(Collected data entries)
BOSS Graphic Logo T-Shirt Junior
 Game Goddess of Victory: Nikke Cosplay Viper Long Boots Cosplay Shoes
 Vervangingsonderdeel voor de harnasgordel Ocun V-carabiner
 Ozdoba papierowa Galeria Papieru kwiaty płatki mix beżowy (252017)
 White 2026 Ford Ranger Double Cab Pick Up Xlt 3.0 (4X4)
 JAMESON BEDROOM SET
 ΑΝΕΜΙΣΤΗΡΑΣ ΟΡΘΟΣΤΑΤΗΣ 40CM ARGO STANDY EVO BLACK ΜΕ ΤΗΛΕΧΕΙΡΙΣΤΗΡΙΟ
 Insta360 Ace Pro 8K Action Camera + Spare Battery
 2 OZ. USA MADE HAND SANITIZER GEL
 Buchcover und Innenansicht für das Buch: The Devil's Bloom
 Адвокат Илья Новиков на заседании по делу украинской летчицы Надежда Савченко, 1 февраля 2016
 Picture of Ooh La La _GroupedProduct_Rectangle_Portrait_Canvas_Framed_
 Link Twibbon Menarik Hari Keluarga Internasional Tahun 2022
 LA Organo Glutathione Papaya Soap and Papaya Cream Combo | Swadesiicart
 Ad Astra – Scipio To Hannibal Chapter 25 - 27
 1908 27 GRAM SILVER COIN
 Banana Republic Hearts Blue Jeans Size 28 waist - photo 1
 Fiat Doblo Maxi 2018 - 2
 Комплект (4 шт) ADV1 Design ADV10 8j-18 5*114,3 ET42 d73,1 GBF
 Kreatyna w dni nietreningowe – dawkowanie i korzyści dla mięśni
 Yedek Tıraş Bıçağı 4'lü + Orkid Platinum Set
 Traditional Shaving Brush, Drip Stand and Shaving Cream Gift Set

→ **TASK REQUIREMENTS**
From the records given above, copy all lines containing "Cream".

→ **RESPONSE TO THIS EXERCISE**
 LA Organo Glutathione Papaya Soap and Papaya Cream Combo | Swadesiicart
 Traditional Shaving Brush, Drip Stand and Shaving Cream Gift Set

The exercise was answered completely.